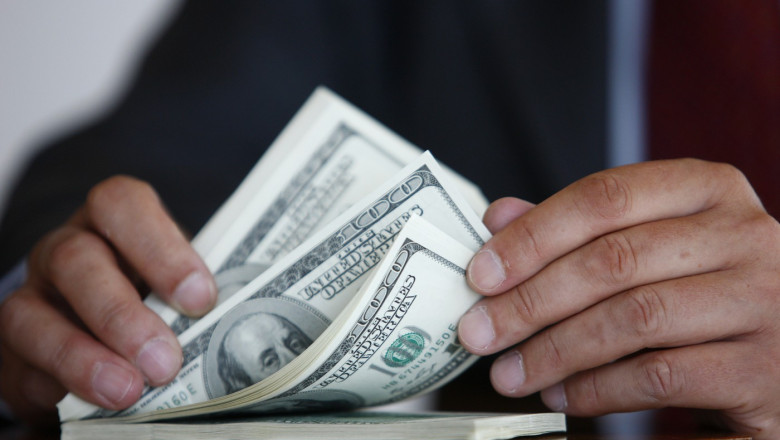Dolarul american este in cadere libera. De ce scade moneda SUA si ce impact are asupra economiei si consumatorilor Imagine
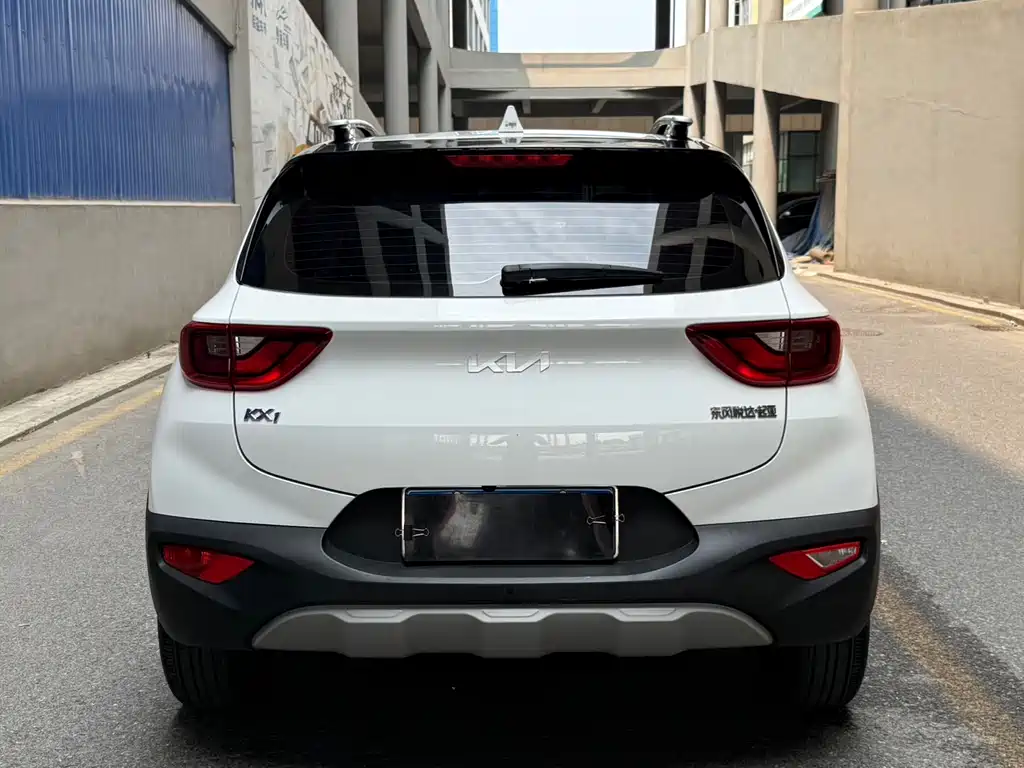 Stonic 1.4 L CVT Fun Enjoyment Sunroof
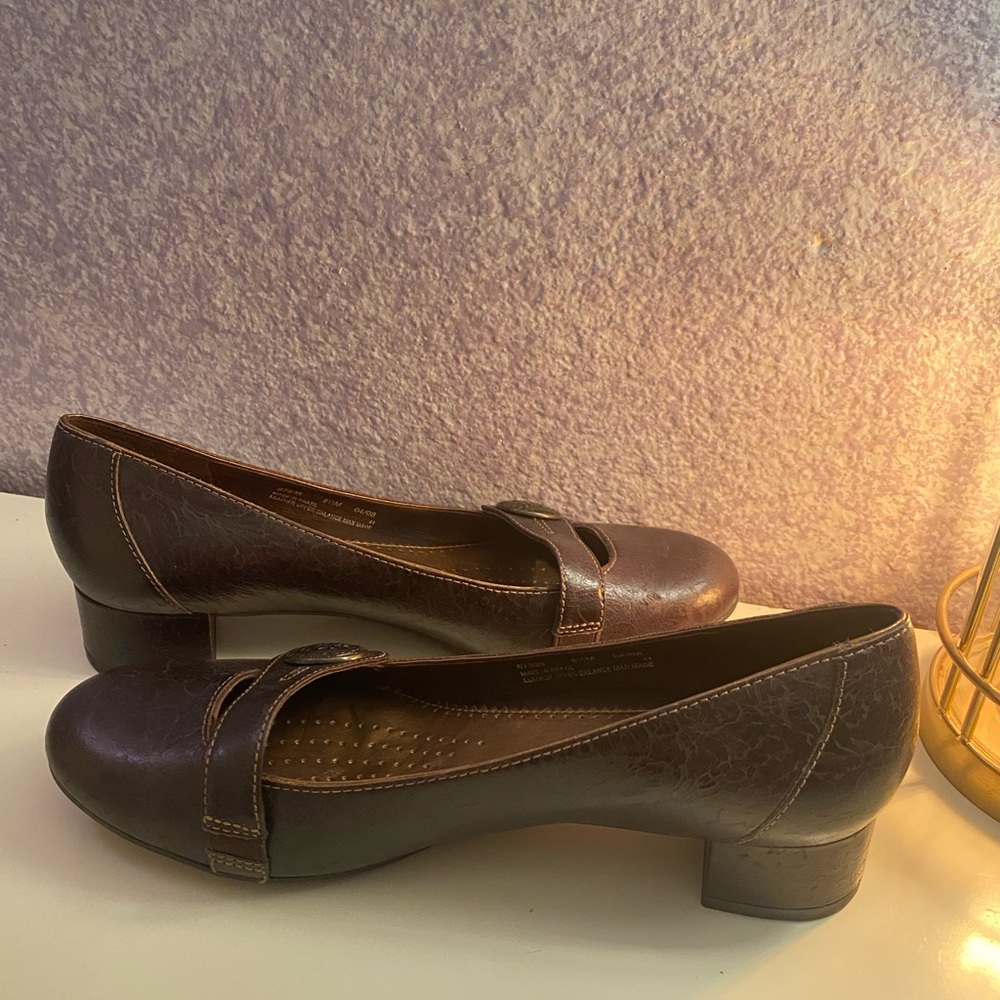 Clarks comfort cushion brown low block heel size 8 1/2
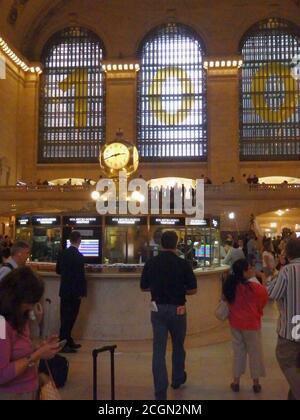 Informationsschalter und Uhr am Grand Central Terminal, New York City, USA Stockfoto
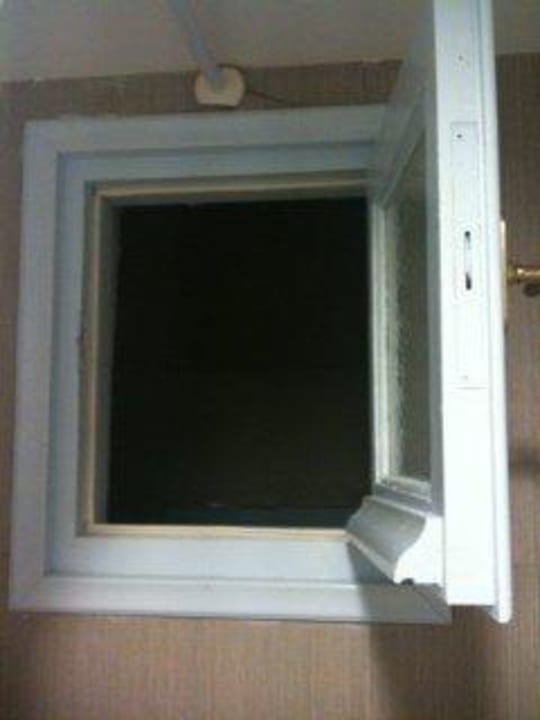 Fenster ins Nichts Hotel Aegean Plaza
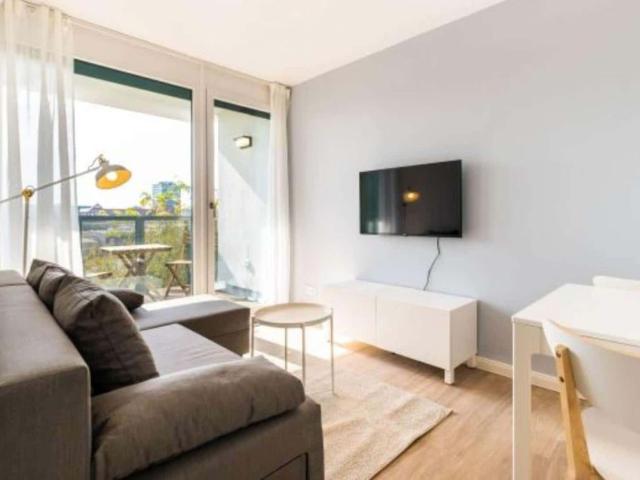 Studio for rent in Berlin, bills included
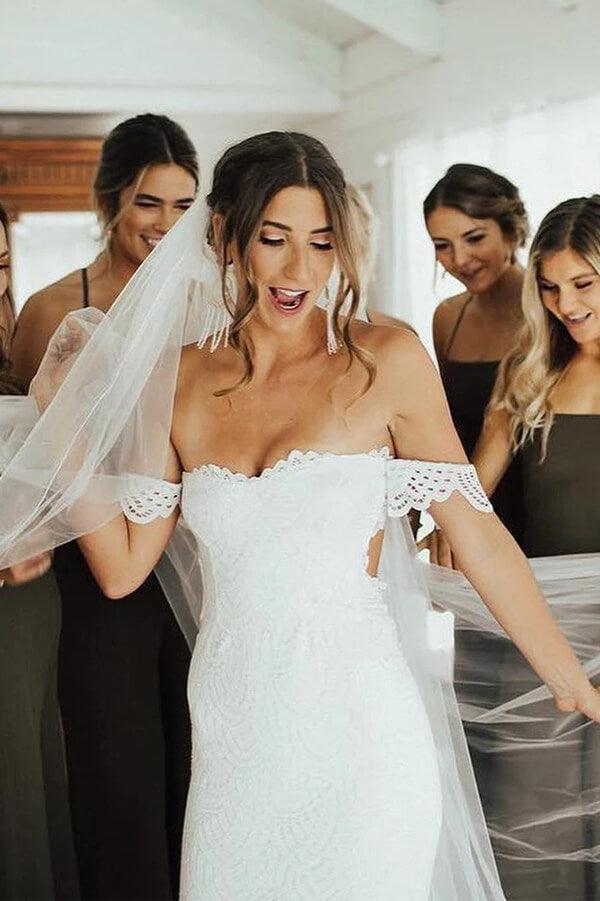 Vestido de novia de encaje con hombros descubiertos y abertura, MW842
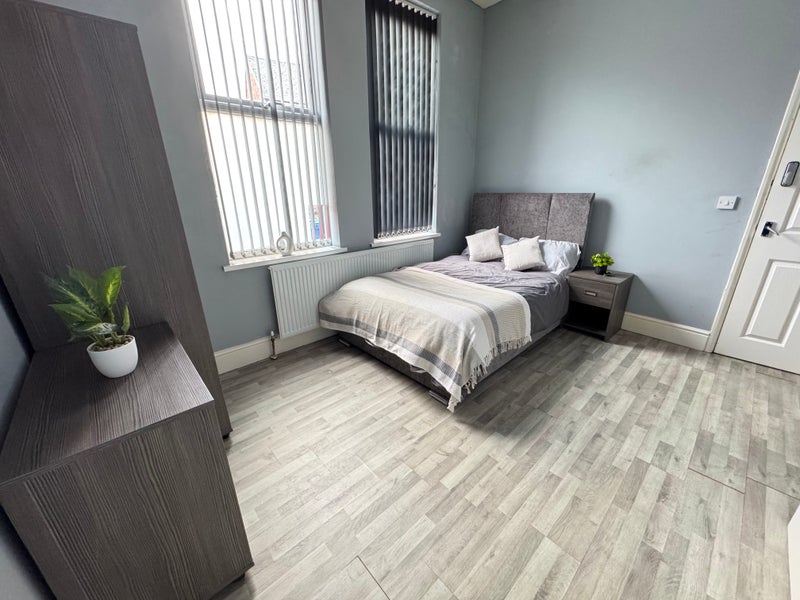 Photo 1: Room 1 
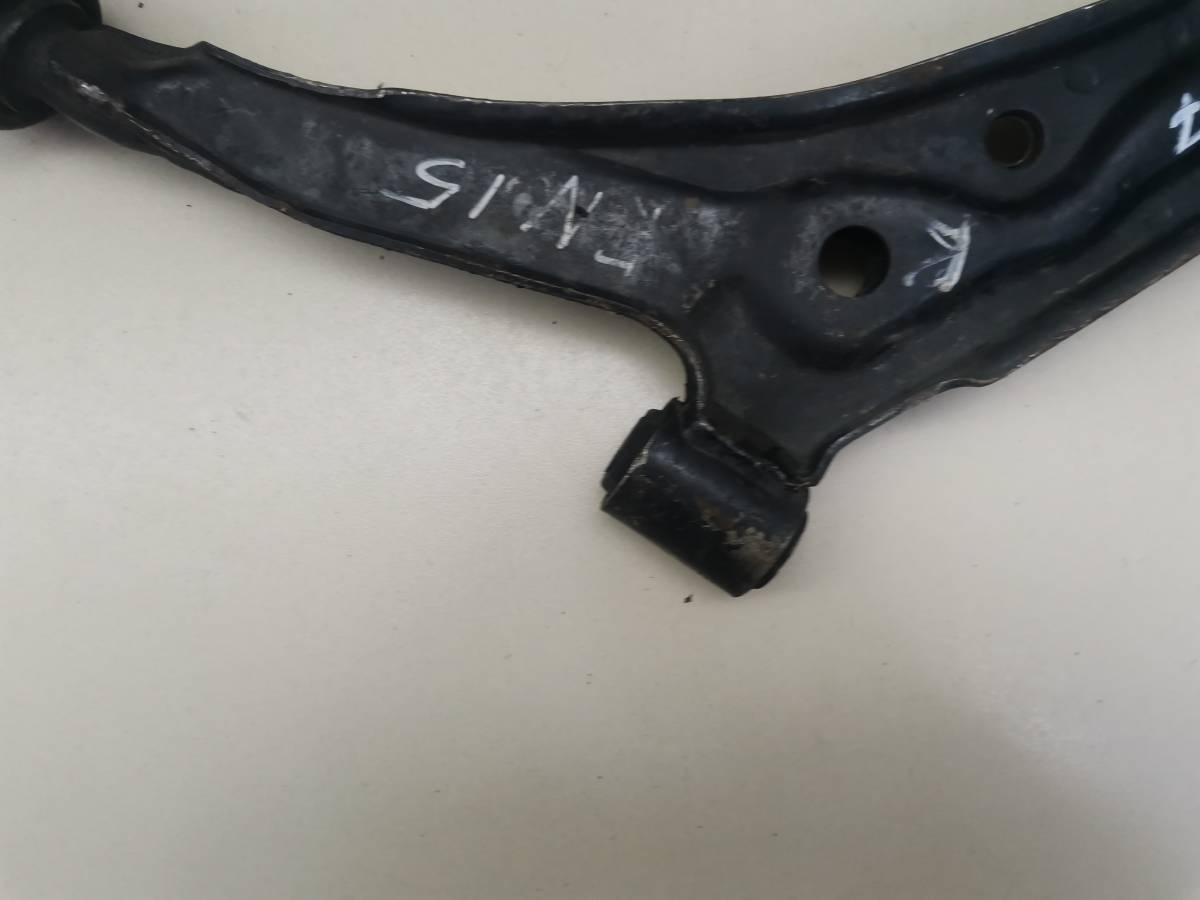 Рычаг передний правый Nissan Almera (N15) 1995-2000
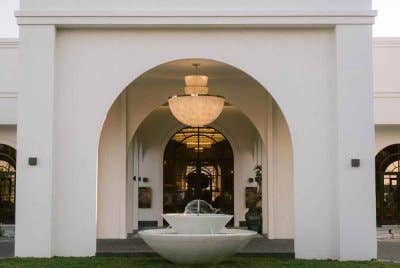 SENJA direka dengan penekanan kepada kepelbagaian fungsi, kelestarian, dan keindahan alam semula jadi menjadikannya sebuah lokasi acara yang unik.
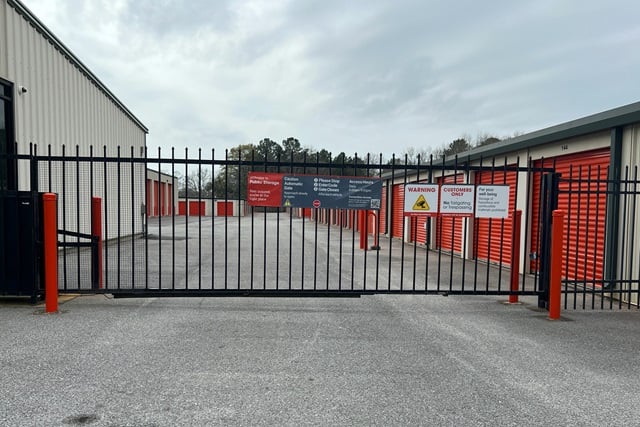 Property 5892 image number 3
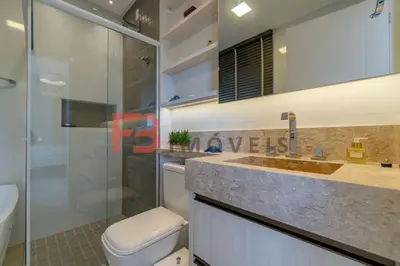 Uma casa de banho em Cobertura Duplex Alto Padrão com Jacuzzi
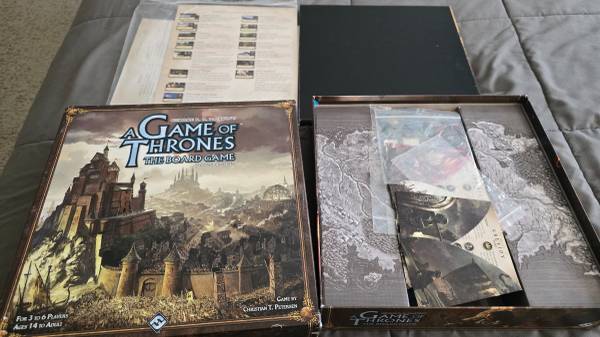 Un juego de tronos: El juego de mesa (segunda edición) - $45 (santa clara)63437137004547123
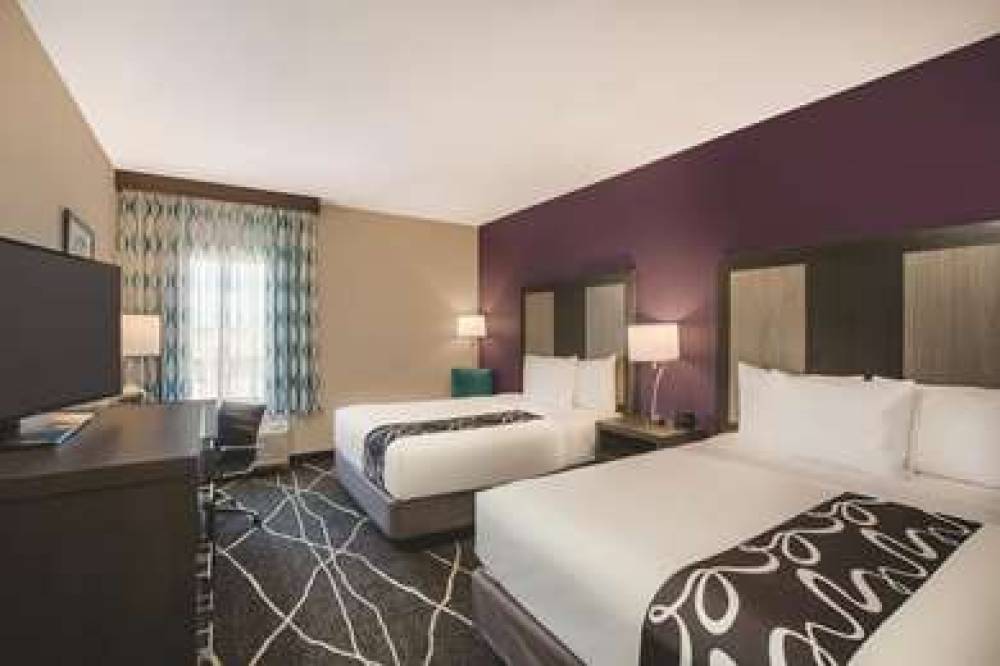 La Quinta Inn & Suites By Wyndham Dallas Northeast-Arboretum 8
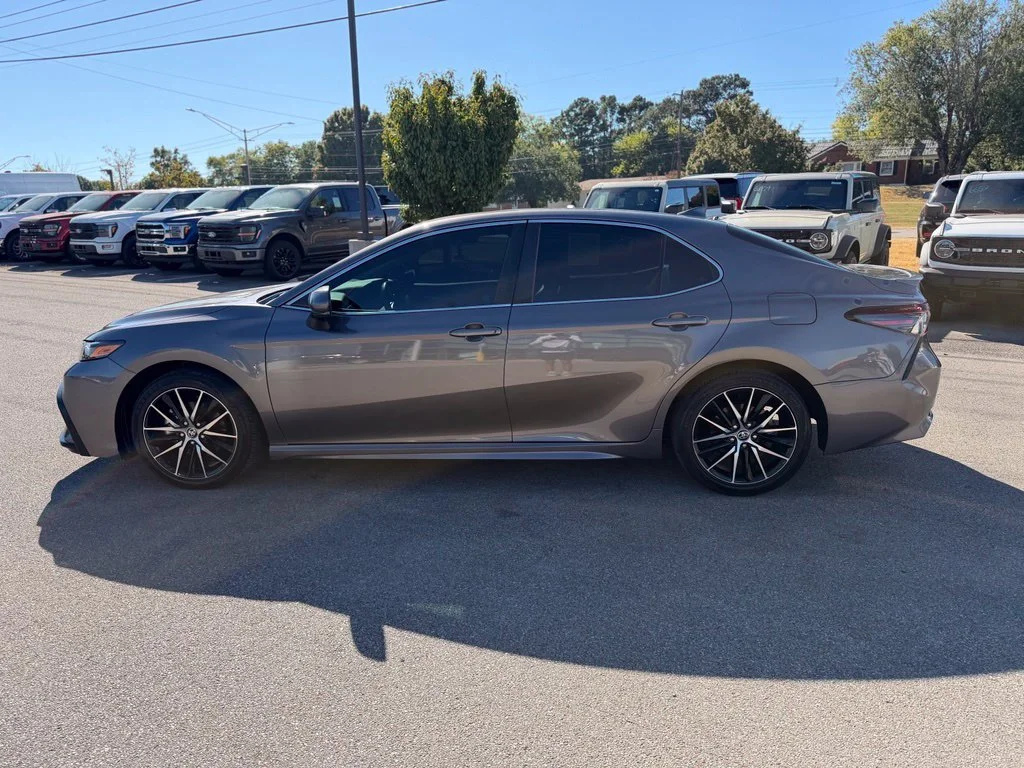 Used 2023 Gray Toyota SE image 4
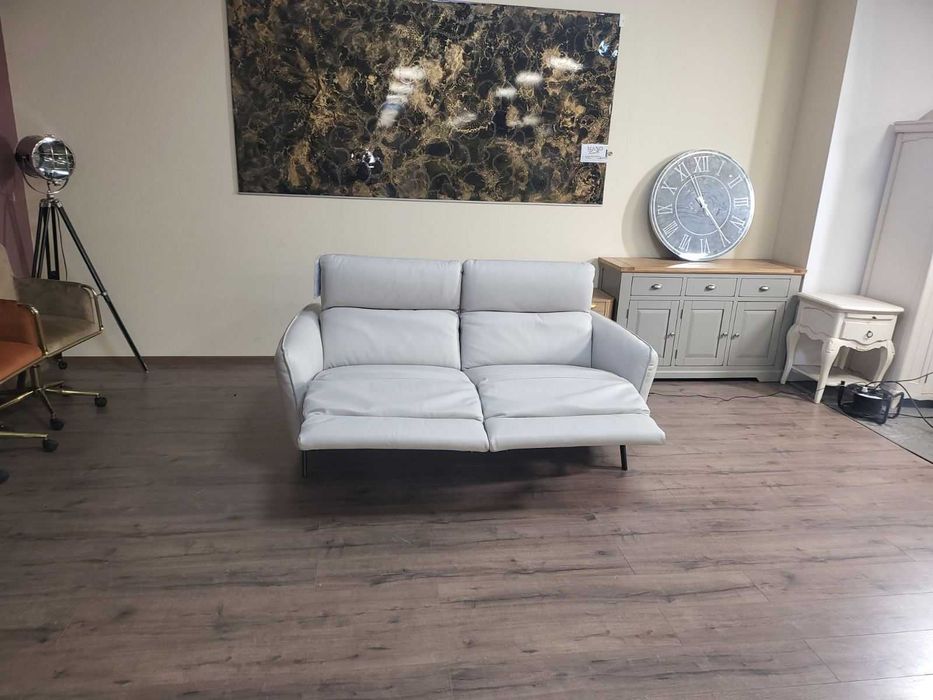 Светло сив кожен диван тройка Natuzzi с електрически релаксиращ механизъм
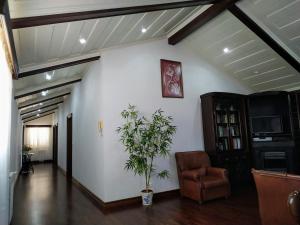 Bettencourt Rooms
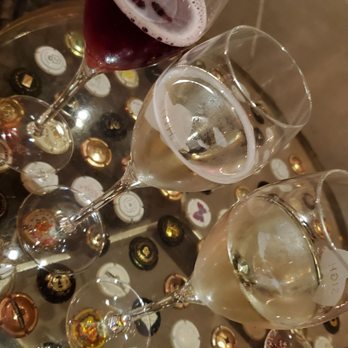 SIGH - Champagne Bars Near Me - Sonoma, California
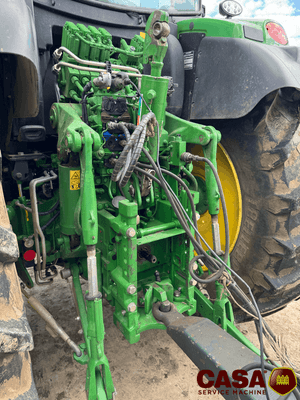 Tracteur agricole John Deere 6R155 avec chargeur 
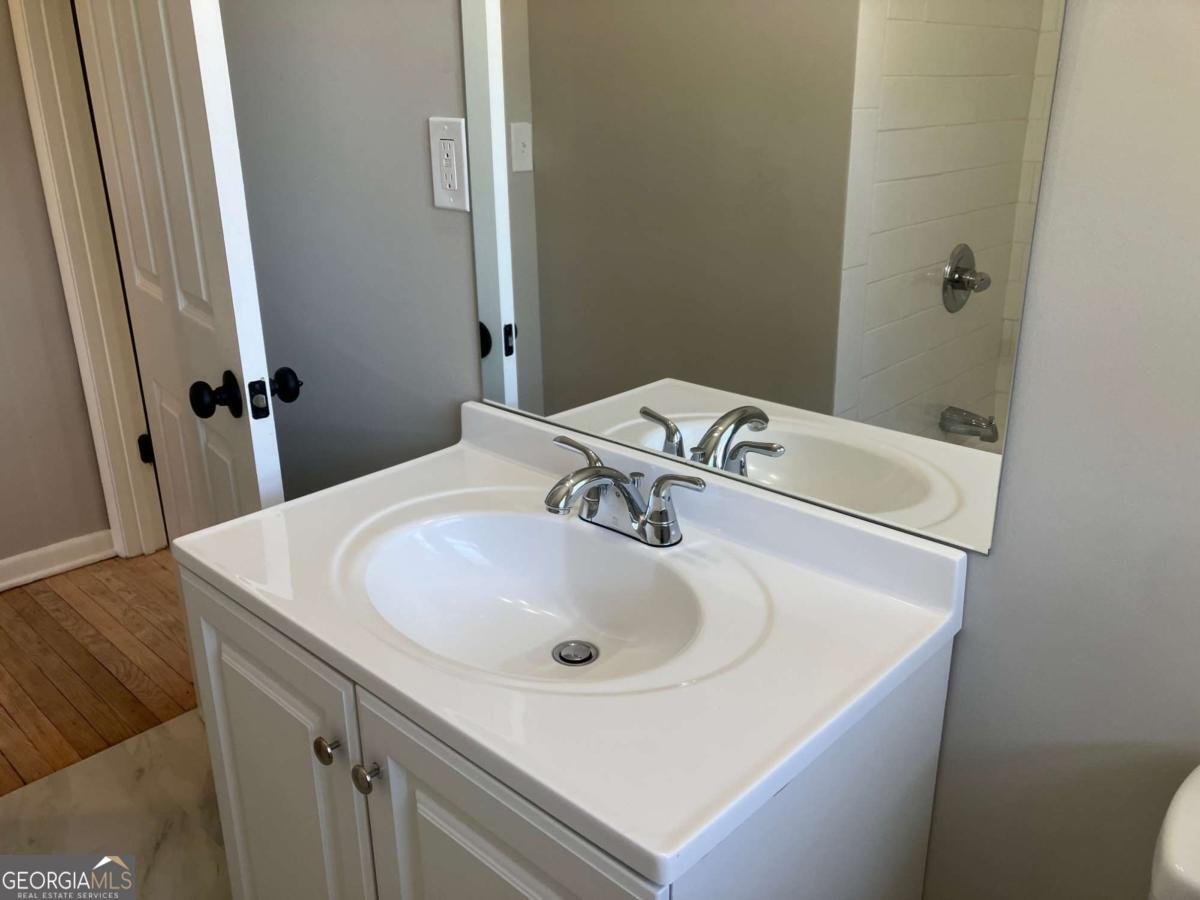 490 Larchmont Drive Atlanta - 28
──────────
WORK TO BE COMPLETED
Using the records above, repeat exactly the run of lines that starts with the line with "Informationsschalter und Uhr" and goes on through the line with "Bettencourt Rooms"; omit each picture.

EXERCISE OUTPUT
 Informationsschalter und Uhr am Grand Central Terminal, New York City, USA Stockfoto
 Fenster ins Nichts Hotel Aegean Plaza
 Studio for rent in Berlin, bills included
 Vestido de novia de encaje con hombros descubiertos y abertura, MW842
 Photo 1: Room 1 
 Рычаг передний правый Nissan Almera (N15) 1995-2000
 SENJA direka dengan penekanan kepada kepelbagaian fungsi, kelestarian, dan keindahan alam semula jadi menjadikannya sebuah lokasi acara yang unik.
 Property 5892 image number 3
 Uma casa de banho em Cobertura Duplex Alto Padrão com Jacuzzi
 Un juego de tronos: El juego de mesa (segunda edición) - $45 (santa clara)63437137004547123
 La Quinta Inn & Suites By Wyndham Dallas Northeast-Arboretum 8
 Used 2023 Gray Toyota SE image 4
 Светло сив кожен диван тройка Natuzzi с електрически релаксиращ механизъм
 Bettencourt Rooms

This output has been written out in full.